**WHAT TO DO:**
From the line with "Board Shorts Men's" down to the final line of the material, please transcribe everything exactly, but leave the pictures out.

**TASK DATA:**
※ ※ ※
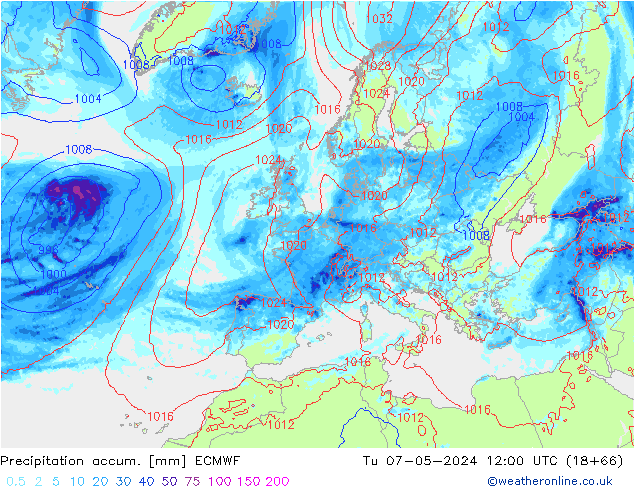 Toplam Yağış ECMWF Sa 07.05.2024 12 UTC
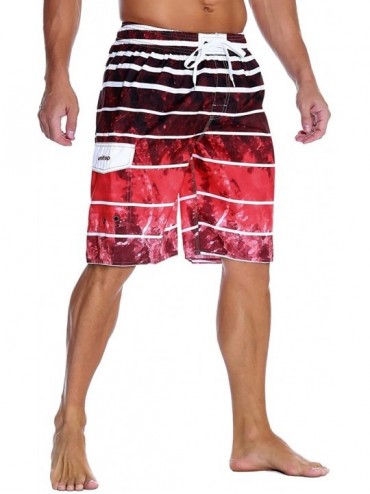 Board Shorts Men's Swim Trunks Colortful Striped Beach Board Shorts with Lining - Red-1 - CG18CG66GR6 $14.63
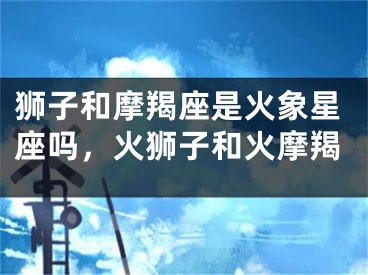 狮子和摩羯座是火象星座吗，火狮子和火摩羯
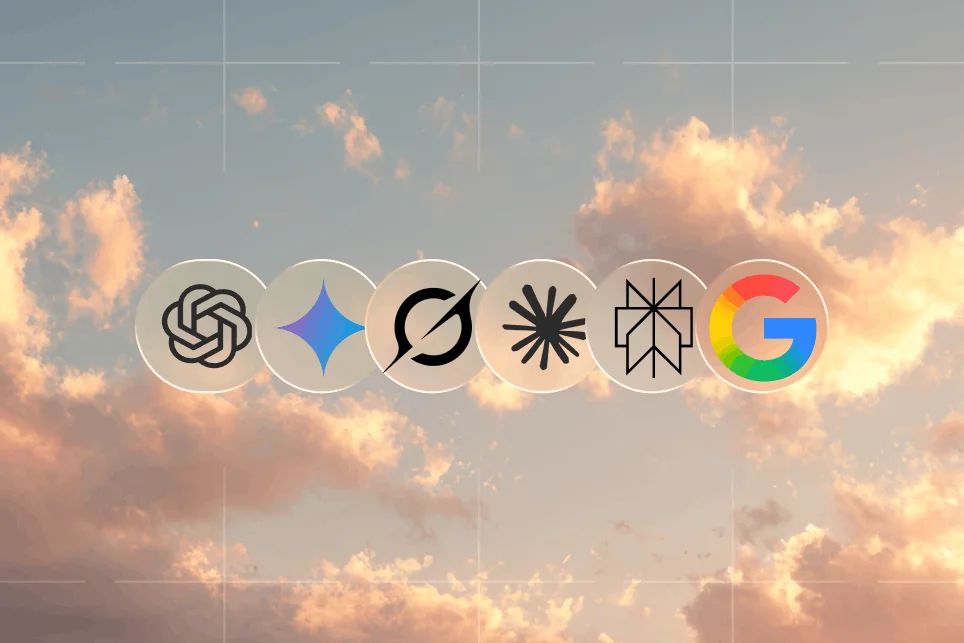 Diverse AI interfaces and search results, showcasing brand visibility across platforms.
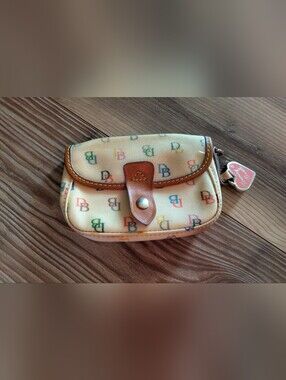 Vintage Dooney & Bourke AWL Multicolor DB Monogram Wristlet Pouch Coin Purse USA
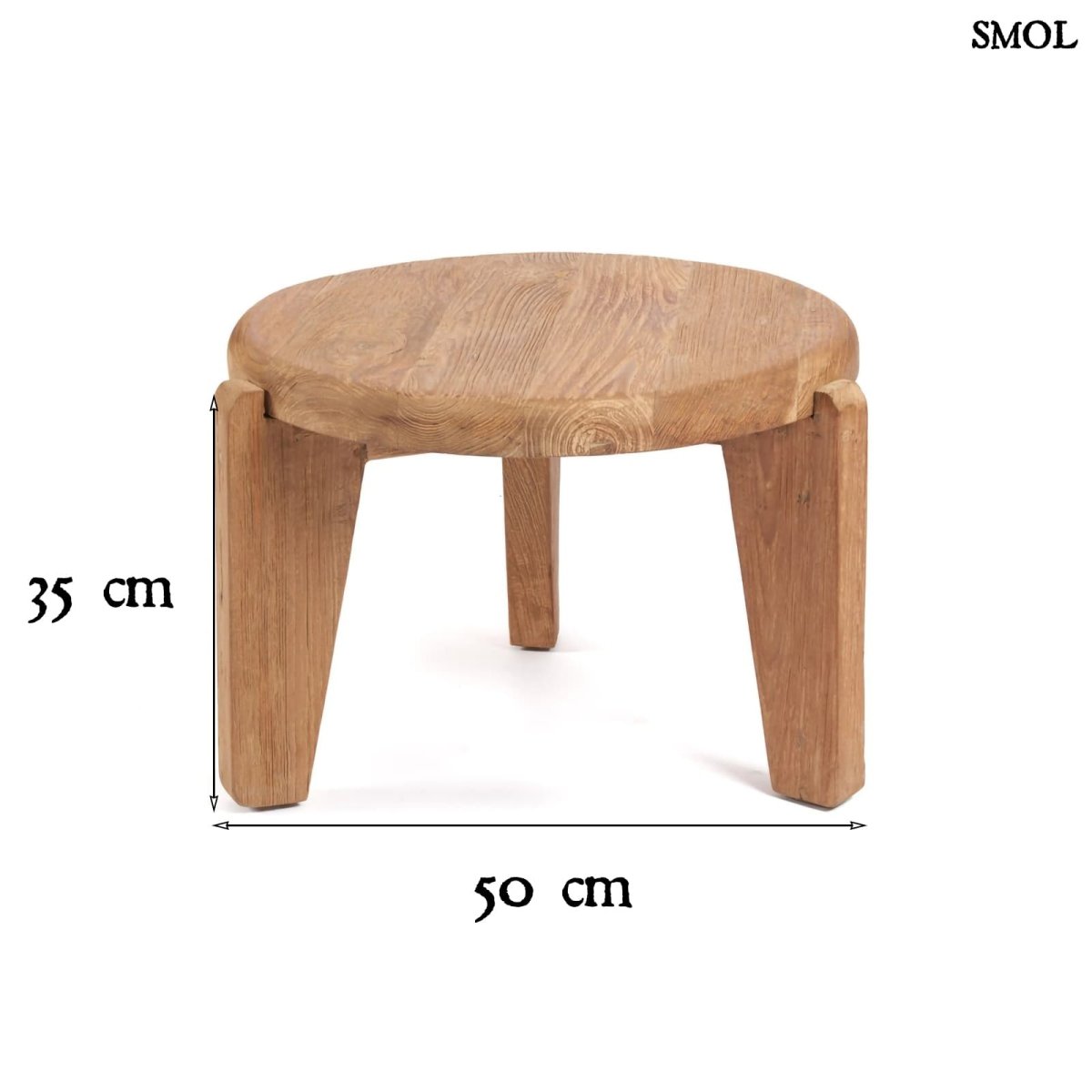 Kisasztal - teakfa, ⌀50 cm | WABISABIS - SMOL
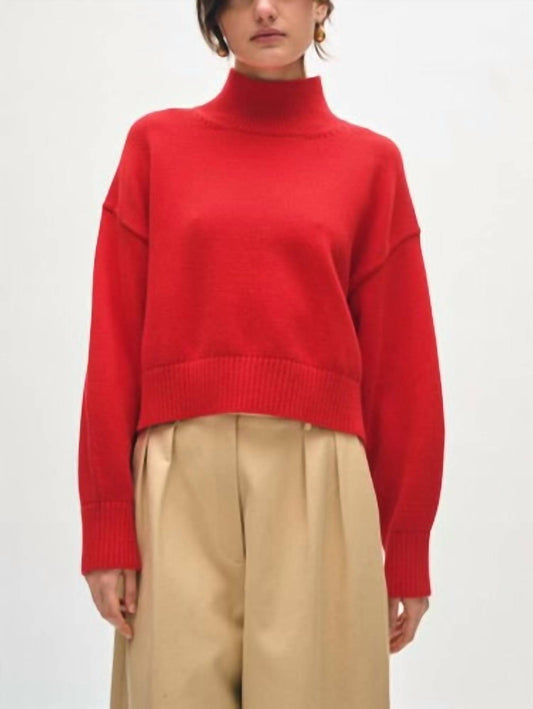 White + Warren - Organic Cotton Cropped Standneck Sweater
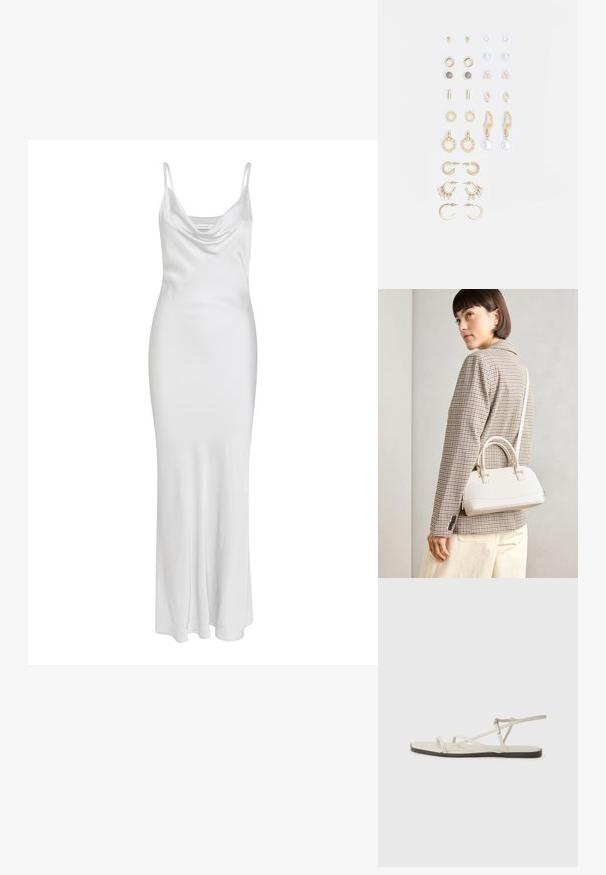 Rochie albă, cu bretele tip spaghetti, cu decolteu rotunjit, siluetă mulată și textură moale, netedă. Lungime până la podea, fără modele vizibile sau accesorii metalice.; Sandalie plate bej cu multiple bretele subțiri și o cataramă ajustabilă. Talpa este plată, cu un ușor contrast întunecat la margine.; Geantă structurată albă, cu mânere scurte și curea de umăr, având accente din metal aurit și material texturat, expusă pe un fundal gri.; Set de cercei aurii, cu diverse designuri, inclusiv cercei tip stud, cercei hoop și cercei lungi cu perle și strassuri.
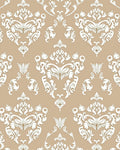Cream White Ornate Damask Lace Rug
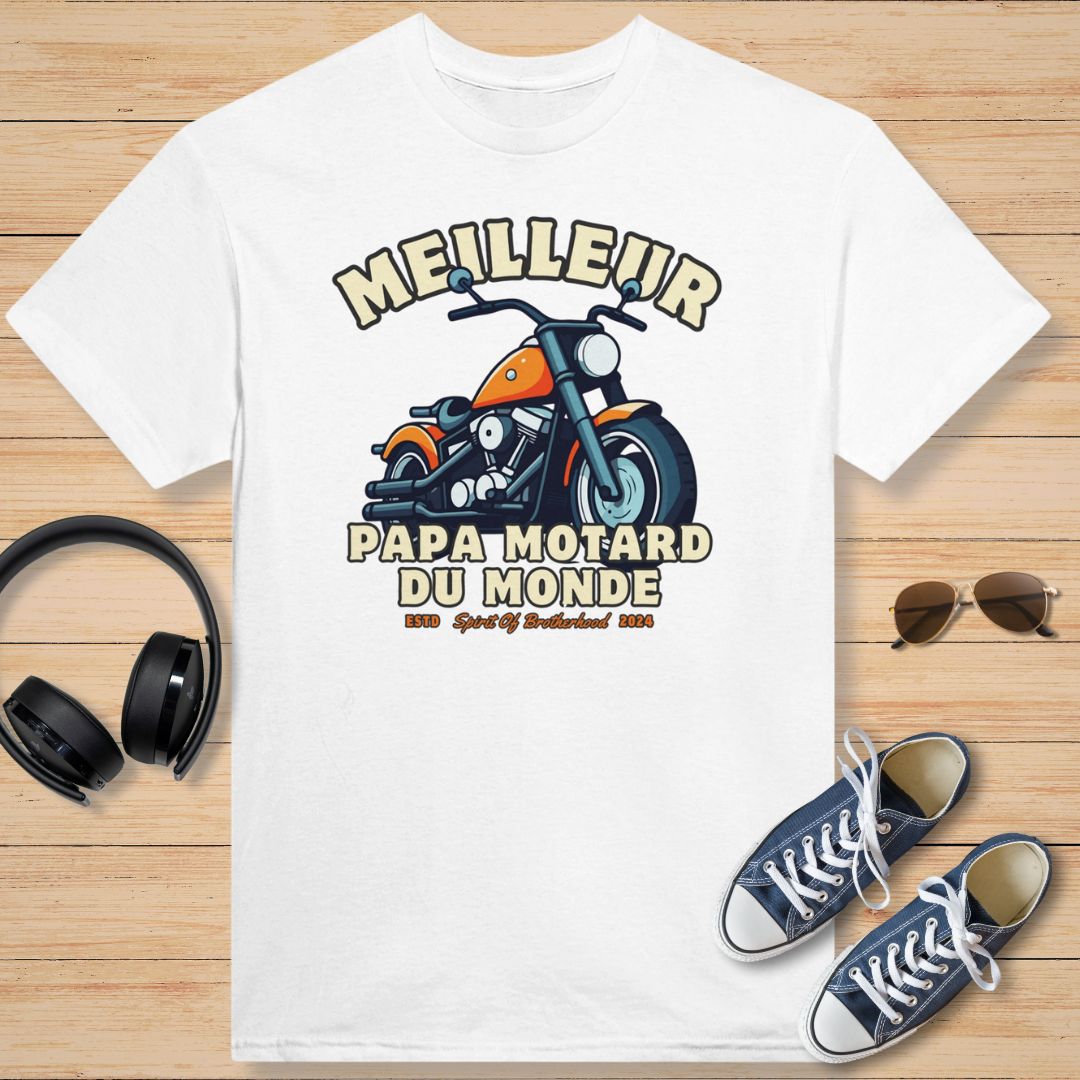 Meilleur Papa Motard Du Monde T-Shirt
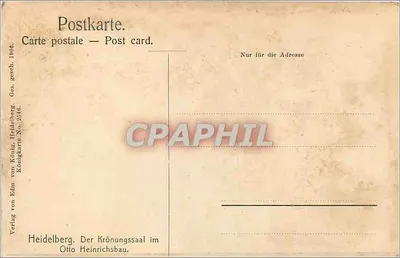 Heidelberg. Krönungssaal w budynku Otto Heinrichsbau — Vering von Edm. von Kötzle, Heidelberg, Königskarte Nr. 5946 — Rewers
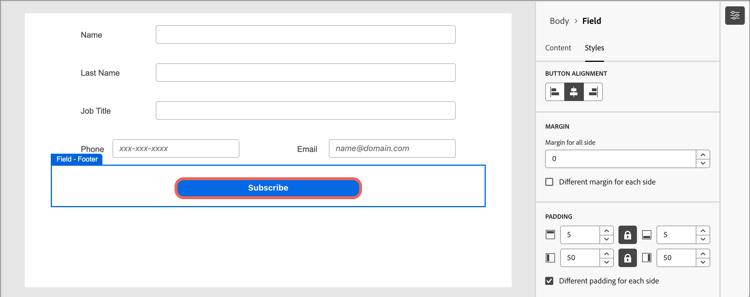 设置表单按钮的对齐方式、边距和填充样式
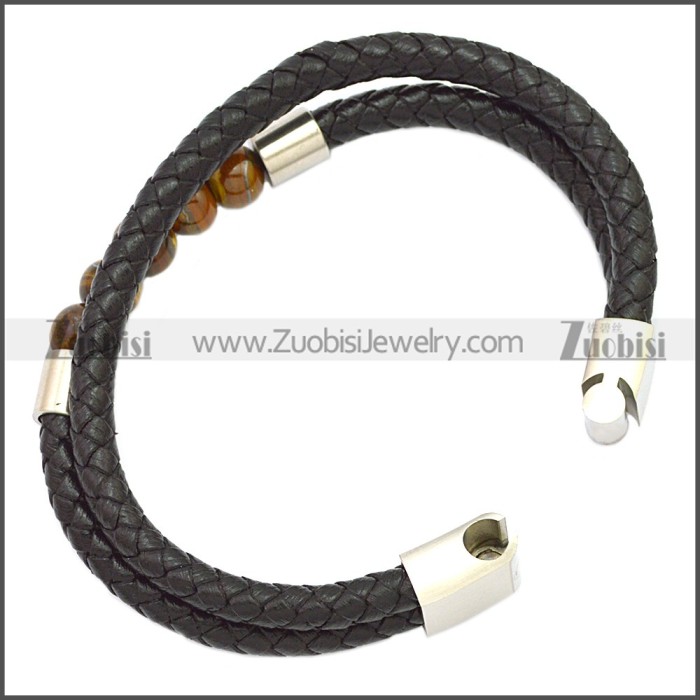 Stainless Steel Leather Bracelet b009809H2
※ ※ ※
**SOLUTION:**
 Board Shorts Men's Swim Trunks Colortful Striped Beach Board Shorts with Lining - Red-1 - CG18CG66GR6 $14.63
 狮子和摩羯座是火象星座吗，火狮子和火摩羯
 Diverse AI interfaces and search results, showcasing brand visibility across platforms.
 Vintage Dooney & Bourke AWL Multicolor DB Monogram Wristlet Pouch Coin Purse USA
 Kisasztal - teakfa, ⌀50 cm | WABISABIS - SMOL
 White + Warren - Organic Cotton Cropped Standneck Sweater
 Rochie albă, cu bretele tip spaghetti, cu decolteu rotunjit, siluetă mulată și textură moale, netedă. Lungime până la podea, fără modele vizibile sau accesorii metalice.; Sandalie plate bej cu multiple bretele subțiri și o cataramă ajustabilă. Talpa este plată, cu un ușor contrast întunecat la margine.; Geantă structurată albă, cu mânere scurte și curea de umăr, având accente din metal aurit și material texturat, expusă pe un fundal gri.; Set de cercei aurii, cu diverse designuri, inclusiv cercei tip stud, cercei hoop și cercei lungi cu perle și strassuri.
Cream White Ornate Damask Lace Rug
 Meilleur Papa Motard Du Monde T-Shirt
 Heidelberg. Krönungssaal w budynku Otto Heinrichsbau — Vering von Edm. von Kötzle, Heidelberg, Königskarte Nr. 5946 — Rewers
 设置表单按钮的对齐方式、边距和填充样式
 Stainless Steel Leather Bracelet b009809H2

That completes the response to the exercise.